Abstract

To determine if postmenopausal women have different arterial stiffness, blood pressure (BP) values, or metabolic patterns in comparison to fertile women and to men at a population level. This is a population-based epidemiologic study of 1853 representative men and women aged 18-95 years. Clinostatic humeral BP was measured using Omron 705CP. Aortic BP, augmentation index (AI), and pulse wave velocity (PWV) were determined using applanation tonometry. Body mass index (BMI) and subscapular skinfold thickness were used as measures of adiposity. Fasting and postload blood glucose, homeostasis model assessment (HOMA), low-density and high-density lipoprotein serum cholesterol (LDL-C and HDL-C) and triglycerides were assessed. Age was higher in postmenopausal women than in fertile women (68.8 ± 9.5 vs. 35.7 ± 10.2 years, p<0.001), and BMI was 16% higher (p<0.01) in the postmenopausal women after age adjustment. Humeral and aortic BP, carotid and radial AI, carotid-femoral PWV, BMI, LDL-C, LDL-C/HDL ratio, triglycerides, glucose tolerance, HOMA, and skinfold thickness were apparently higher in postmenopausal than in fertile women.
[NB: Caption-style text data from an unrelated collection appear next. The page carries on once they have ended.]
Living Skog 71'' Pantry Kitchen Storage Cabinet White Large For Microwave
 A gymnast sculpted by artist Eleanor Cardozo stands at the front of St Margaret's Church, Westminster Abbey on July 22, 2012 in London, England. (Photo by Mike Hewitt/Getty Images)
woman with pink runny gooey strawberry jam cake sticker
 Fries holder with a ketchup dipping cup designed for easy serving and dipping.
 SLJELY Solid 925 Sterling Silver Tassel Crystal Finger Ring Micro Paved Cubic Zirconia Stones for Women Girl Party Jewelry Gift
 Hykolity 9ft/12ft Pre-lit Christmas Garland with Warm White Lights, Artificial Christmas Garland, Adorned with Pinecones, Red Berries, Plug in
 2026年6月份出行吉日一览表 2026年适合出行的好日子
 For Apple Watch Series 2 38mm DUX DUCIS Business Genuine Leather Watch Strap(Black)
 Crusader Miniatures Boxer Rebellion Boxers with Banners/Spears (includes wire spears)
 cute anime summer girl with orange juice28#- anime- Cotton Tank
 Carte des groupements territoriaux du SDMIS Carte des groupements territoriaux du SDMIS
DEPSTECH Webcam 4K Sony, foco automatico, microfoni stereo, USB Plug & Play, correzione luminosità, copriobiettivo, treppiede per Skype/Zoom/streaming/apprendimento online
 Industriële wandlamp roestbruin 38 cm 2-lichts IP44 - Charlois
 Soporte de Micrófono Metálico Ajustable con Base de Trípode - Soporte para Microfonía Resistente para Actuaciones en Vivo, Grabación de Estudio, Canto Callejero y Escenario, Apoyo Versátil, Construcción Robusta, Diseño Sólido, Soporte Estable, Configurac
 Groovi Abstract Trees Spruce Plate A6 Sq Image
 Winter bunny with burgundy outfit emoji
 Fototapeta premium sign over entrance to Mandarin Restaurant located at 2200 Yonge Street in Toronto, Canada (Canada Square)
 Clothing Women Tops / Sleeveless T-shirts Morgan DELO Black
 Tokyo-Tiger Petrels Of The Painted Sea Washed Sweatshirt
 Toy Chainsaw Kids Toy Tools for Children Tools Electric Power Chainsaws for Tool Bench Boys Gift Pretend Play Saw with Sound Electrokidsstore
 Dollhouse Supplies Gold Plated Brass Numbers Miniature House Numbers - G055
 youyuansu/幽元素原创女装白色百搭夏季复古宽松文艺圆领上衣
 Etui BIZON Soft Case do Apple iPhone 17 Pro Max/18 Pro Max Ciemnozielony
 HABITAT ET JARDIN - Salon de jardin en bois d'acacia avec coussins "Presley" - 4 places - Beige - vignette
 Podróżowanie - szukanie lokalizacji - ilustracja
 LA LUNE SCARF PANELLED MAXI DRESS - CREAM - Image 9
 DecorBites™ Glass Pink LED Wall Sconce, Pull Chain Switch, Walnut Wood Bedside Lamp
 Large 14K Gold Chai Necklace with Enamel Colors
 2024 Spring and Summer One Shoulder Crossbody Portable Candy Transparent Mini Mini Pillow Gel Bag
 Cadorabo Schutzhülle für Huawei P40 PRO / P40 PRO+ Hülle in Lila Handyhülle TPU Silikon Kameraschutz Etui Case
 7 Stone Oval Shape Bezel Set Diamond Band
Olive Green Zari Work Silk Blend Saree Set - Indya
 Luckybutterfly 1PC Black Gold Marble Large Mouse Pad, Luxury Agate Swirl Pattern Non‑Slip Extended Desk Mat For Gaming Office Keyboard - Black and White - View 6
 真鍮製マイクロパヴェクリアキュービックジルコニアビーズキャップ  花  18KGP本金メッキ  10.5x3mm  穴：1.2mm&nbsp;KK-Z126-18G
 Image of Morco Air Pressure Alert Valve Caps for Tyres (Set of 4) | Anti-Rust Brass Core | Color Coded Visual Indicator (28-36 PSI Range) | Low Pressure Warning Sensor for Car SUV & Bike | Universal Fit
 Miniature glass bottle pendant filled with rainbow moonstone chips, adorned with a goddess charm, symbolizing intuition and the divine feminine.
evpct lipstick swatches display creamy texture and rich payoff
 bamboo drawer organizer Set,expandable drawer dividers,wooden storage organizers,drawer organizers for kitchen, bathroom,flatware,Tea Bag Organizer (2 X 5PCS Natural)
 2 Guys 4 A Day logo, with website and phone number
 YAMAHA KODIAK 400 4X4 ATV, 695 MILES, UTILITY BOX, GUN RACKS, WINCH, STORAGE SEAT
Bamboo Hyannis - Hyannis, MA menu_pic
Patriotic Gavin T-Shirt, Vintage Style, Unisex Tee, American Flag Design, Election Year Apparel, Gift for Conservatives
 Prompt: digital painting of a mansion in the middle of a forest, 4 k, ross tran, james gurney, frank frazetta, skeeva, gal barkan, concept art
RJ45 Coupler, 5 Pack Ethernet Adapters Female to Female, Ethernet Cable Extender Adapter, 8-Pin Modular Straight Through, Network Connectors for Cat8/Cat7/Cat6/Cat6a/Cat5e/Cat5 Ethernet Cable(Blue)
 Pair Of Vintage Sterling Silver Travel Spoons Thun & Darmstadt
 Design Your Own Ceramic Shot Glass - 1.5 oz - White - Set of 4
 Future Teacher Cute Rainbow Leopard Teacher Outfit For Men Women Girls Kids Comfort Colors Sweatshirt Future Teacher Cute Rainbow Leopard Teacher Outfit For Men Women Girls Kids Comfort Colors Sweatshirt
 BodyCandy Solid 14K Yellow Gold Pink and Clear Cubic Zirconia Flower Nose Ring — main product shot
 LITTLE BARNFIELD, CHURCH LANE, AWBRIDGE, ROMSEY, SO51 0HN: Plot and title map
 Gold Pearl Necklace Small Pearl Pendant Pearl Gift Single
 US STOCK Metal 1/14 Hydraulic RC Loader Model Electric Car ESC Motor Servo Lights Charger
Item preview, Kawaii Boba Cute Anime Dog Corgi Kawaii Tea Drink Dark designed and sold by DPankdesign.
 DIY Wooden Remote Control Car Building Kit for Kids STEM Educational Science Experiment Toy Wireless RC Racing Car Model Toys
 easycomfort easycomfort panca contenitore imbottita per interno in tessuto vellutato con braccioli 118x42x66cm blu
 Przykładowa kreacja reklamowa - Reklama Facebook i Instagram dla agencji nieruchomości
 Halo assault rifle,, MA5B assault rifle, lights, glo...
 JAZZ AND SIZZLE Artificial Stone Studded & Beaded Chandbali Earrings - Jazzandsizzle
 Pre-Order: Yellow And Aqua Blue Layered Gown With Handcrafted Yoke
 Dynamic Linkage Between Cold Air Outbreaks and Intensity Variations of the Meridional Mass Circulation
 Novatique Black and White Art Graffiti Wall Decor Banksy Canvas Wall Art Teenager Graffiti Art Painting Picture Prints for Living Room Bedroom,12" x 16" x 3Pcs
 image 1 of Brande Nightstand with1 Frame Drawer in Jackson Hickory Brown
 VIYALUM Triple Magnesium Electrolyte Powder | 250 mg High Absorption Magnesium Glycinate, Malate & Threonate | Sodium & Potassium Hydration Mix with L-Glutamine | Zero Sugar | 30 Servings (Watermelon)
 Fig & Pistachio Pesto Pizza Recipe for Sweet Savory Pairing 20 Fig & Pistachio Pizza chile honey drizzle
Using multivariate analysis, however, all these differences were abolished after adjusting for confounders (age and, when appropriate, BMI), except for LDL-C, which remained 19% higher (p<0.01) in postmenopausal women than in fertile women after adjusting for many confounders (age, BMI, cholesterol, ethanol intake, caloric intake, and triiodothyronine). Only LDL-C increases in postmenopausal women, whereas other differences attributed to menopause, including BP and arterial stiffness, seem to be confounding effects of age and BMI.